Ed,
I an afraid you have killed what was perhaps a retirement dream. I wanted to re-do a Lefever book with information added through years of Lefever Arms...
Dr. Bob: Books are still being solicited to be published by schifferbooks.com and, I believe, Tom Rowe, but my take on it is it will cost more than the sales will justify.
A person I know had a Winchester ammo book done by Schiffer and paid the whole tab at retail; he got half of the print run for his money, and sold to known true believers, and now sets up at the Chicago CADA show to try to make ends meet. Schiffer held back half of the print run and pays royalties if and when they sell any. This was a labor of love, I'm sure.

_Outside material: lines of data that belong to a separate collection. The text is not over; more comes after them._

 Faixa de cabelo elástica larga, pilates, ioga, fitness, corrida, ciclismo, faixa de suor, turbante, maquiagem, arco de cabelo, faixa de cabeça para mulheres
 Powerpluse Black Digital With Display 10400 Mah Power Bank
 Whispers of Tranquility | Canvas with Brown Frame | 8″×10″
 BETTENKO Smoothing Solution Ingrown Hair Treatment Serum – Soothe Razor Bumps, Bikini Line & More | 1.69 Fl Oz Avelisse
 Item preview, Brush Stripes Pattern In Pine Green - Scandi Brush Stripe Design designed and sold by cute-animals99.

Tom Rowe (an old friend) was going to help wife Nancy and I go the next step from raw transcript in the C-drive to picture loading, set-up, composition, etc. in summer of 2007. We were heading south to kick back with our kids and grand-kids at a summer rental in the Smokies near Ashville NC, with the next stop at Tom's place in SW Virginia, when on a hunch I stopped by Collector Books in Paducah on the way...and
Viola! I ducked the self-publishing bullet.

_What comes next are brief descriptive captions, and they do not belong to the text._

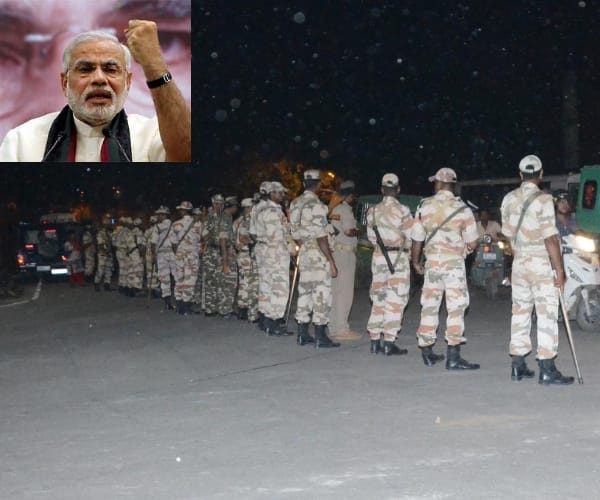 security of prime minister modi in Lucknow.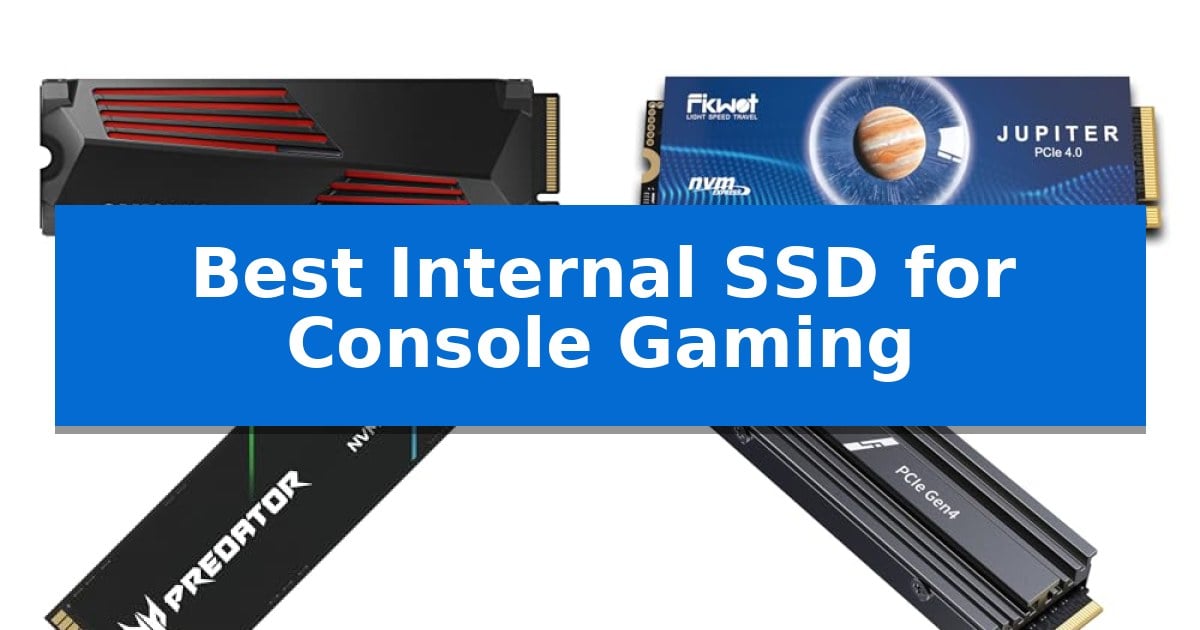 Best Internal SSD for Console Gaming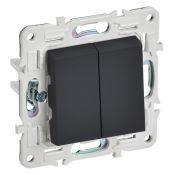 Выключатель встраиваемый двухклавишный перекрестный IEK SKANDY SK-V23-0-10-K53 SK-V06G графит Выключатель встраиваемый двухклавишный перекрестный IEK SKANDY SK-V23-0-10-K53 SK-V06G графит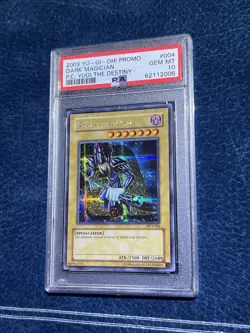 PSA 10 Dark Magician PCY Secret Rare Yugioh Game Promo Gem Mint Yugi The Destiny - Image 3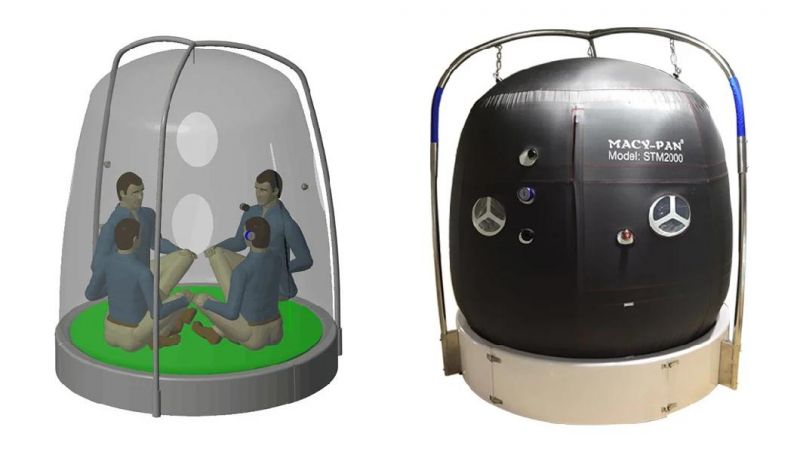 4 People Use Portable Oxygen Hyperbaric Chamber Inflatable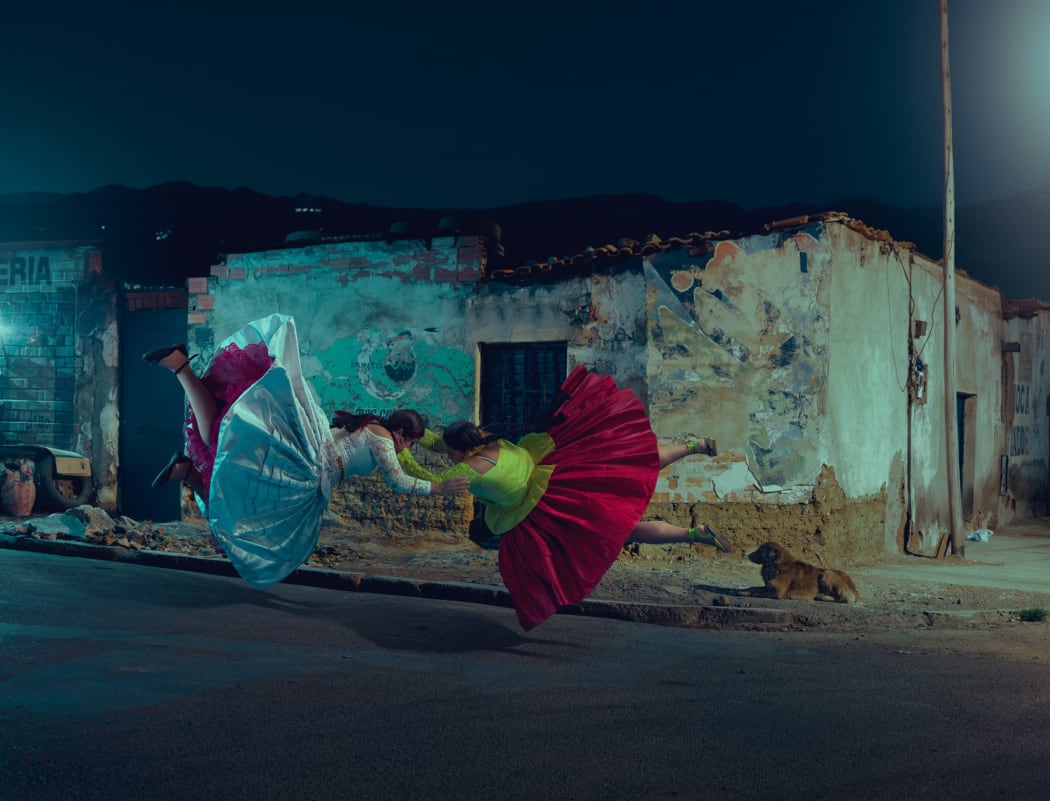 Bolivia’s flying wrestlers the 'cholitas luchadoras'.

Methinks that a retired doctor ought to be able to execute on his retirement dream. Being involved in collecting and shooting old-time double guns is not cost effective...a labor of love. Don't let the $$$ dissuade you from adding something to the body of knowledge. My first choice in self-publishing would have been Tom Rowe in VA, and next stop Schiffer in PA.

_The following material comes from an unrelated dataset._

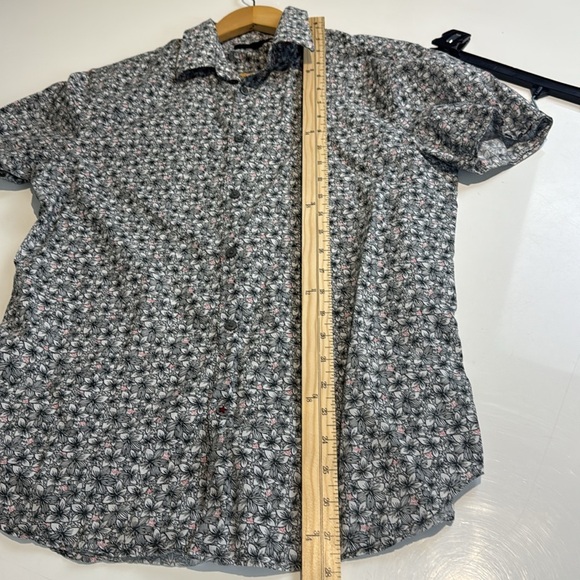 John Varvatos Black and White Geometric Shirt Size Small - Picture 5 of 6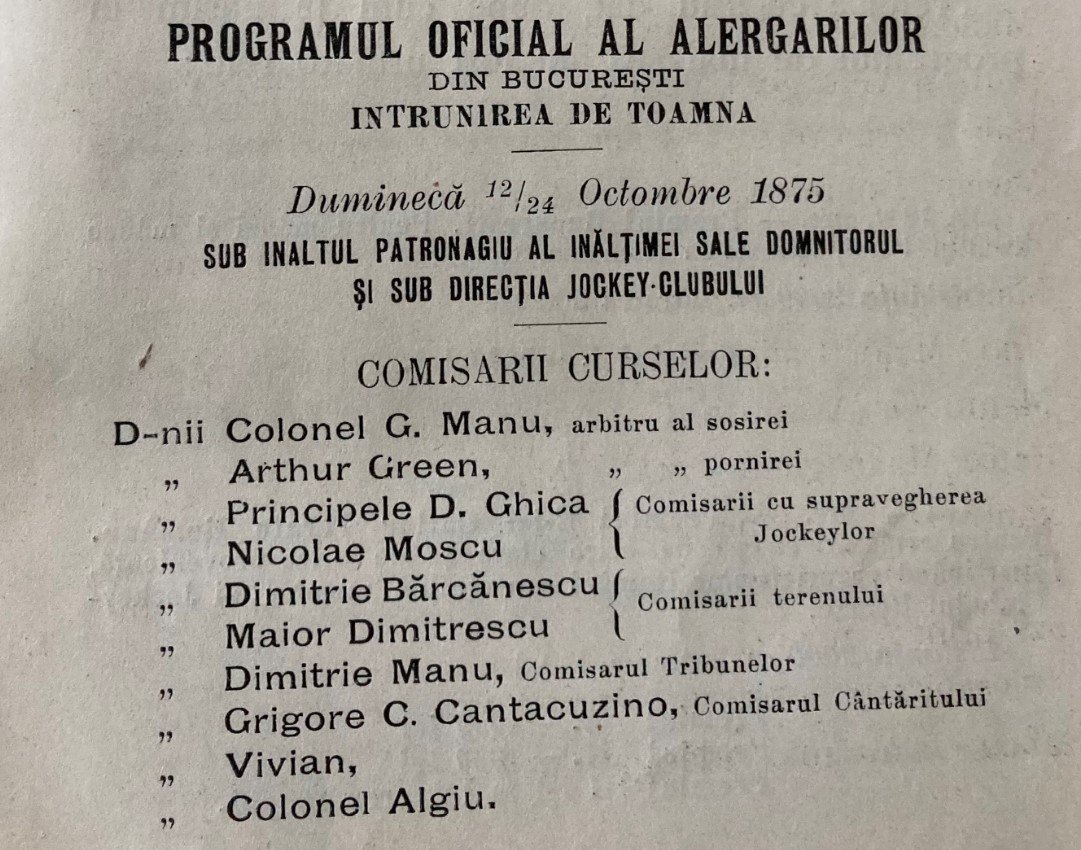 Program alergari 12 oct 1875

As to PeteM's advice about "print-on-demand," you should investigate how many books have been done that way that have the necessary production qualities of the gun-related books you are used to reading. Taking
Shooting Flying from C-drive M/S plus image-portfolio to print-ready disc was going to involve a two week tutorial for this IL resident and his typist/editor/wife (and ParkerDog) camped out in the Road Trek in VA. Keep in mind that I had been part of the publishing process of my first two books--PG:T"OR" and WDWP--and self-published the third--Knight of the Trigger--albeit with no pictures. So, Yes, POD is always a posibility, but: Query: Has anyone ever done it with the type and quality of book gun that gun collectors expect?
And there's more:
Shooting Flying was edited and peer reviewed by editors of
SSM, The Gun Report, and
Parker Pages, plus an intellectual property attorney, three other published double-gun authors, and the publisher of my other books (Safari Press), not to mention fine tuning by the English majors at Collector Books, which published
Shooting Flying.
So here's what I suggest: Take your Lefever book to M/S and circulate it among your peers for review and to generate interest. Build a picture portfolio. Contact Jim Julia and Pat Hogan (RIA) and perhaps they can help you with pictures of guns they have sold at auction. Look at
Shooting Flying and see how many pictures are credited to major auction houses, Remington, and The National Sporting Library. The price I paid to get these good images on CD was simply to credit them.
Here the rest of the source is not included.